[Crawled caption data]
▬▬▬
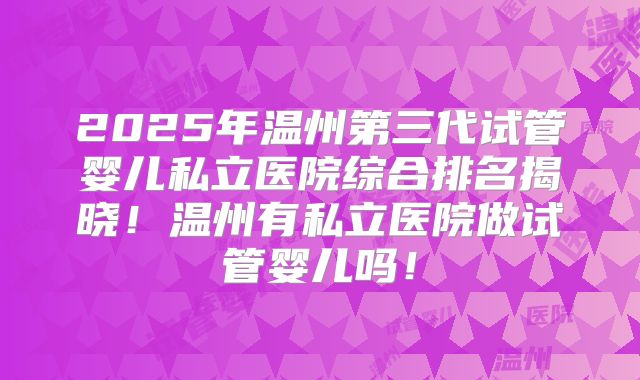2025年温州第三代试管婴儿私立医院综合排名揭晓!温州有私立医院做试管婴儿吗!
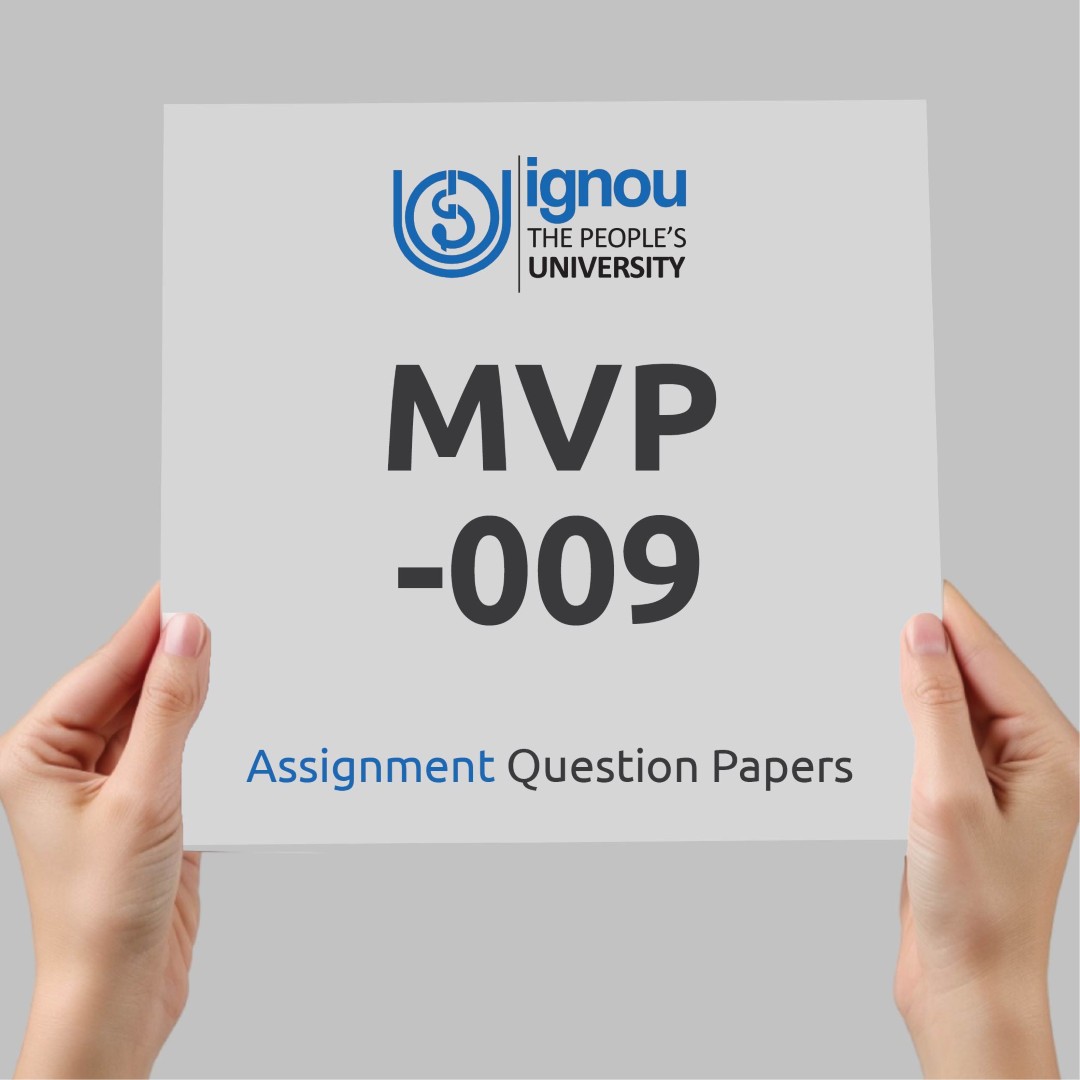 IGNOU MVP-009 Assignment Question Paper Free Download (2023-24)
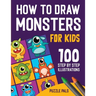 How To Draw Monsters: 100 Step By Step Drawings For Kids Ages 4 - 8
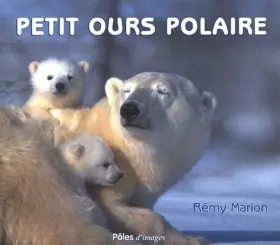Couverture du produit · Petit ours polaire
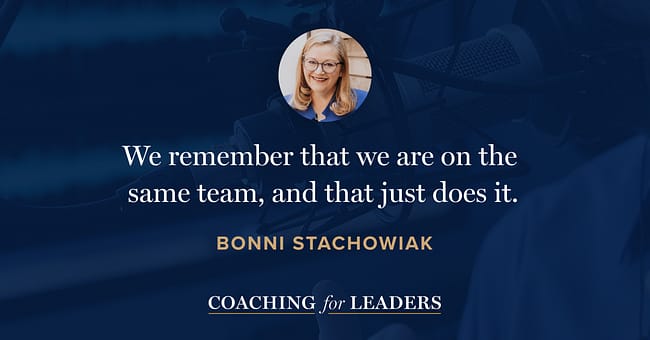 We remember that we are on the  same team, and that just does it.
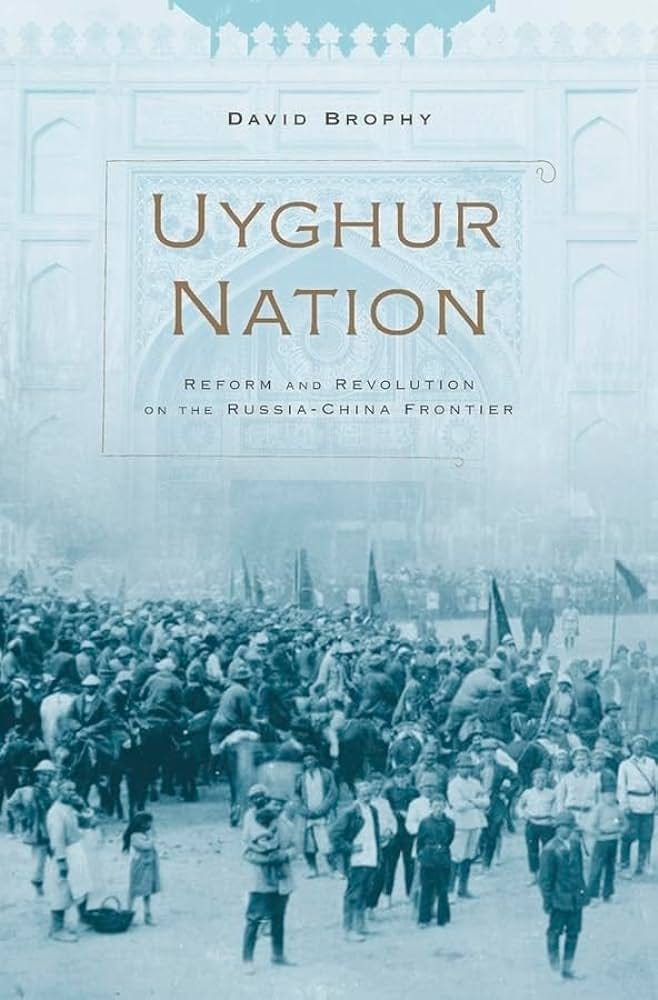 Amazon.com: Uyghur Nation: Reform and Revolution on the Russia-China  Frontier: 9780674660373: Brophy, David: Books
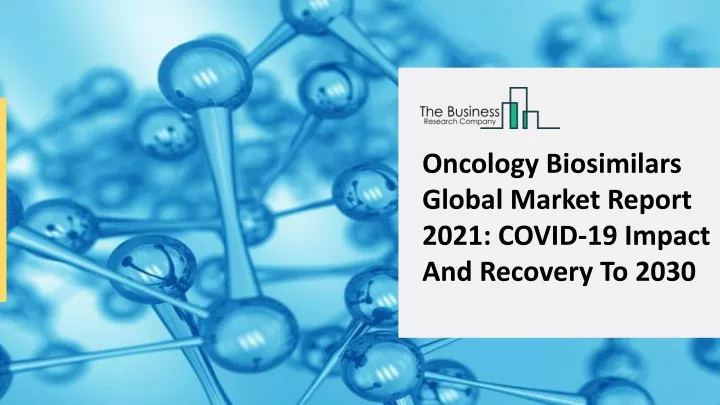 oncology biosimilars global market report 2021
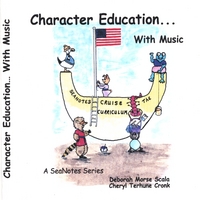 CHERYL TERHUNE CRONK: Character Education...With Music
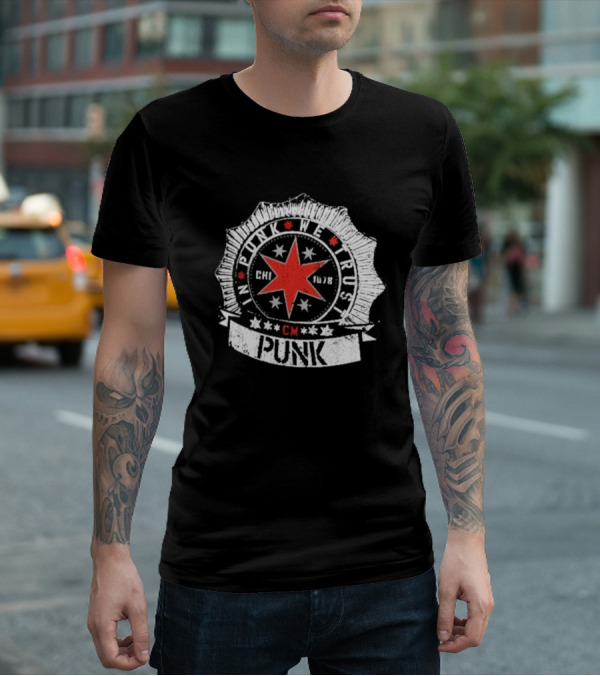 CM Punk In Punk We Trust Chicago Star Badge CHI 1978 T-Shirt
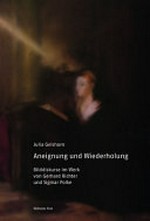 Aneignung und Wiederholung: Bilddiskurse im Werk von Gerhard Richter und Sigmar Polke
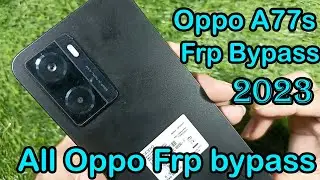 Oppo A77s CPH2473 Frp Bypass Android 12 Simple Nd Latest Trick 2023 Method Working All Oppo mobiles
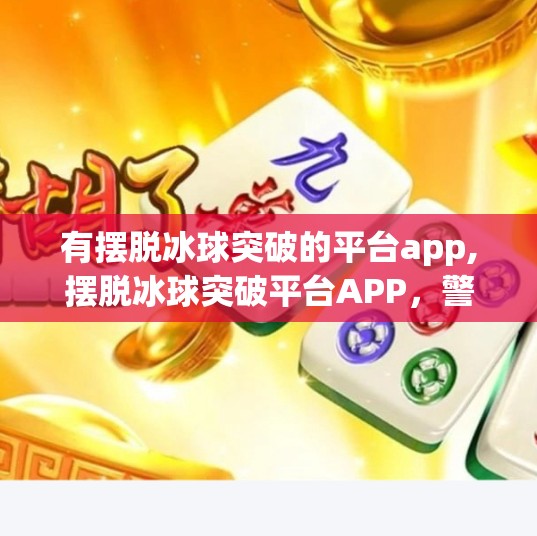 有摆脱冰球突破的平台app,摆脱冰球突破平台APP，警惕高回报陷阱，守护你的钱包与信息安全！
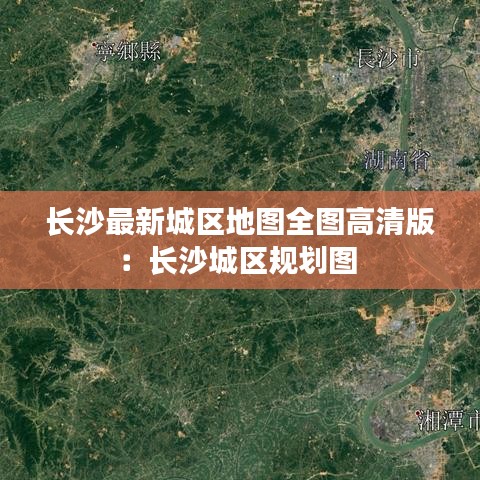 長沙最新城區(qū)地圖全圖高清版：長沙城區(qū)規(guī)劃圖 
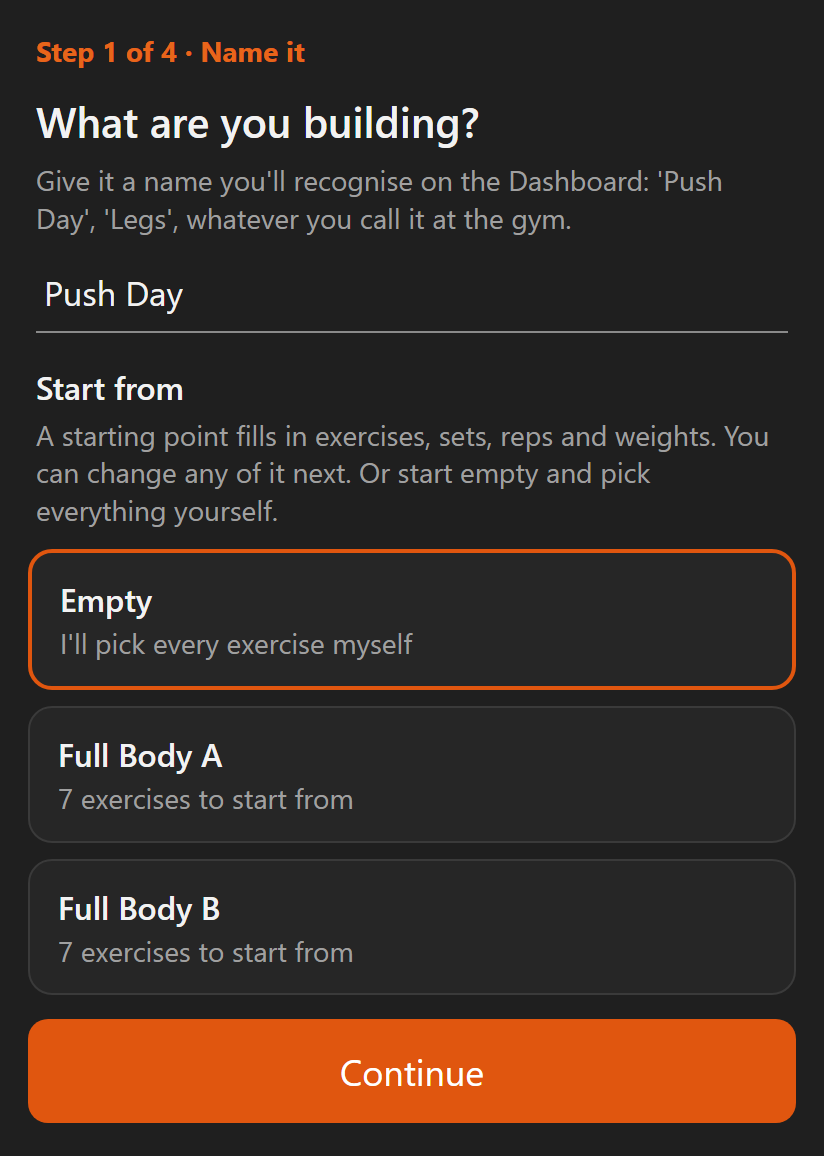 Step 1 of the routine builder, with the name Push Day typed in and Empty selected as the starting point
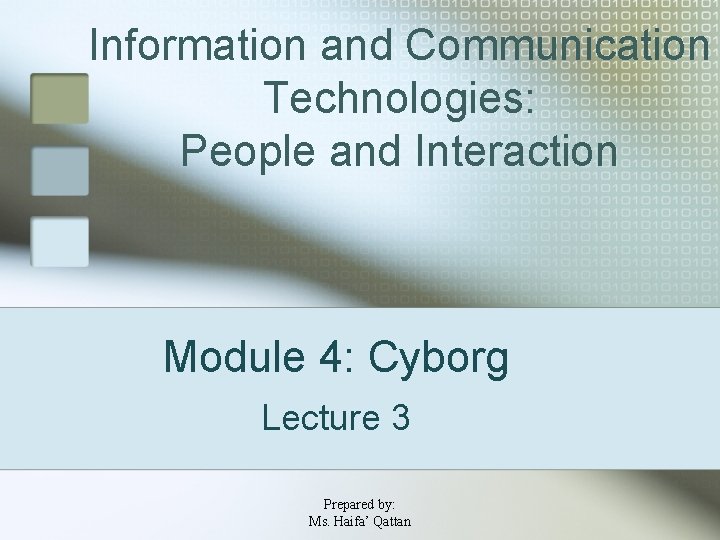 Information and Communication Technologies: People and Interaction Module 4: Cyborg Lecture 3 Prepared by:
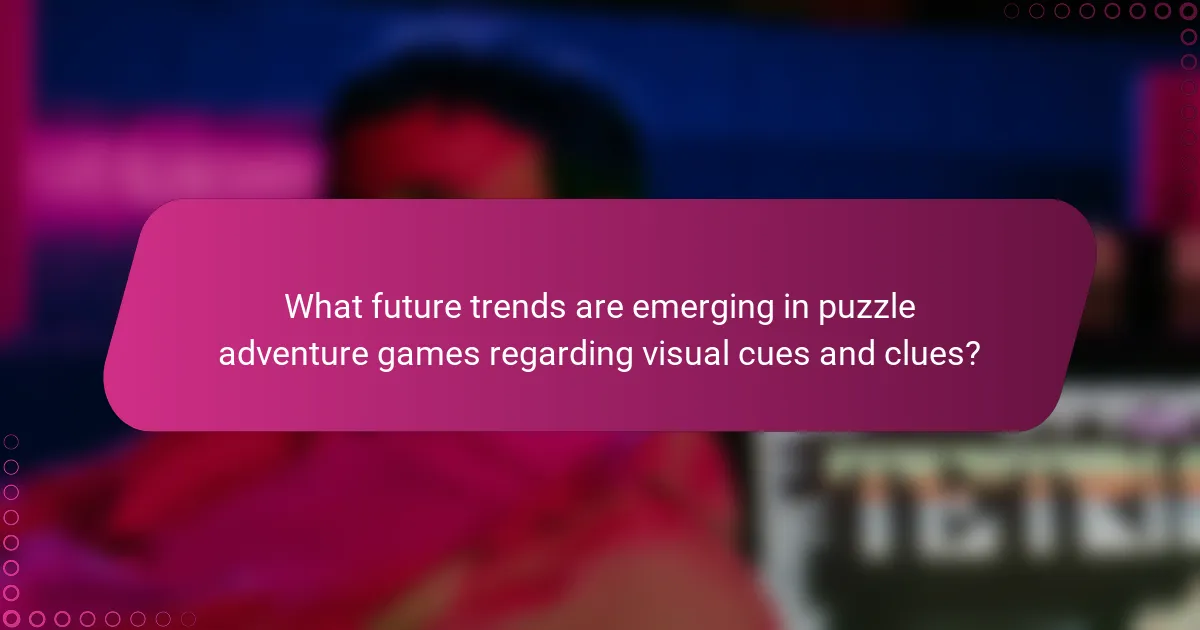 What future trends are emerging in puzzle adventure games regarding visual cues and clues?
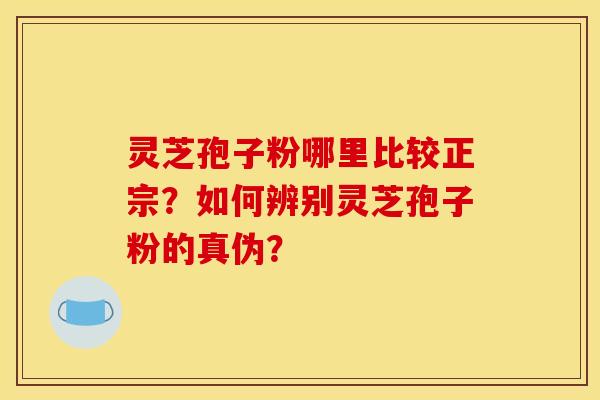 灵芝孢子粉哪里比较正宗？如何辨别灵芝孢子粉的真伪？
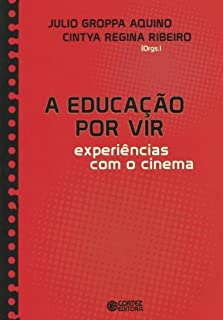 A Educacao Por Vir - Experiencias Com O Cinema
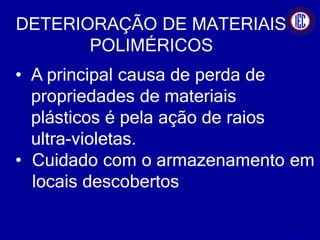 DETERIORAÇÃO DE MATERIAIS
POLIMÉRICOS
• A principal causa de perda de
propriedades de materiais
plásticos é pela ação de raios
ultra-violetas.
• Cuidado com o armazenamento em
locais descobertos
21
 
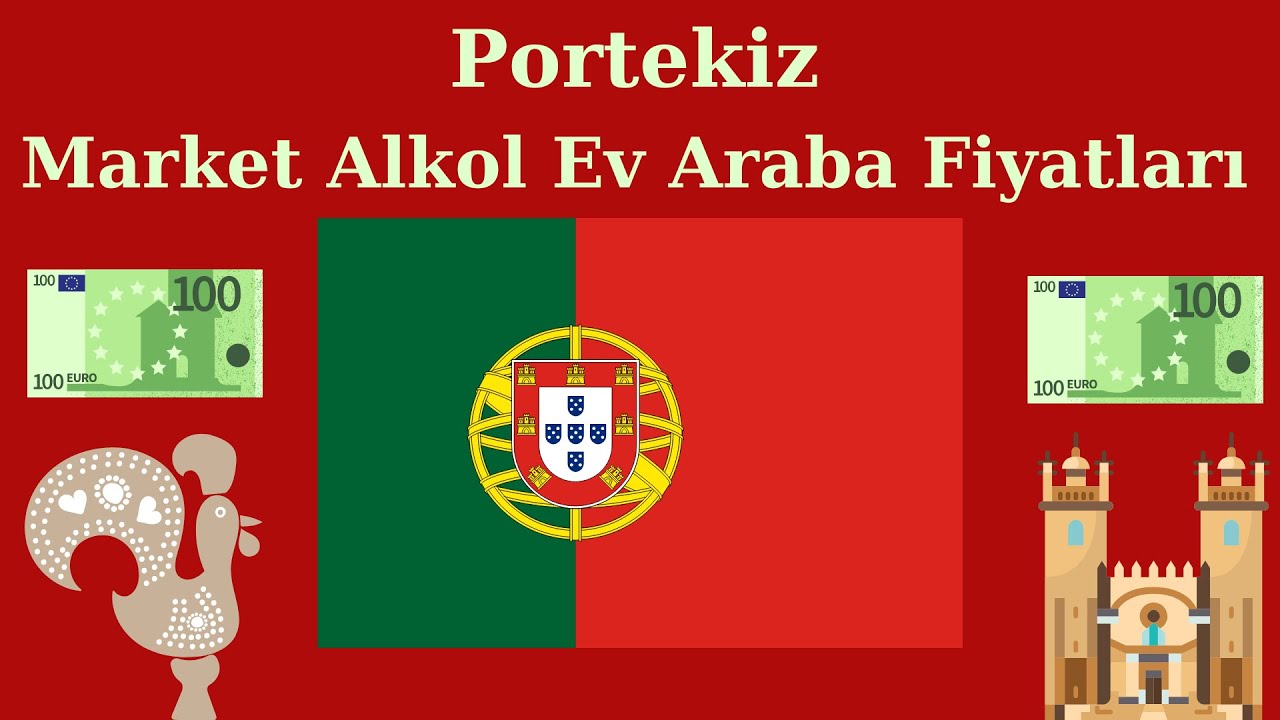 PORTEKİZ MARKET ALKOL EV ARABA TELEFON FİYATLARI !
▬▬▬
### Aim of the exercise
Write out, word for word, the lines from the first line of the entries through the one containing "CHERYL TERHUNE CRONK: Character", both included. Leave out the pictures.

### Answer to the exercise
2025年温州第三代试管婴儿私立医院综合排名揭晓!温州有私立医院做试管婴儿吗!
 IGNOU MVP-009 Assignment Question Paper Free Download (2023-24)
 How To Draw Monsters: 100 Step By Step Drawings For Kids Ages 4 - 8
Couverture du produit · Petit ours polaire
 We remember that we are on the  same team, and that just does it.
 Amazon.com: Uyghur Nation: Reform and Revolution on the Russia-China  Frontier: 9780674660373: Brophy, David: Books
 oncology biosimilars global market report 2021
 CHERYL TERHUNE CRONK: Character Education...With Music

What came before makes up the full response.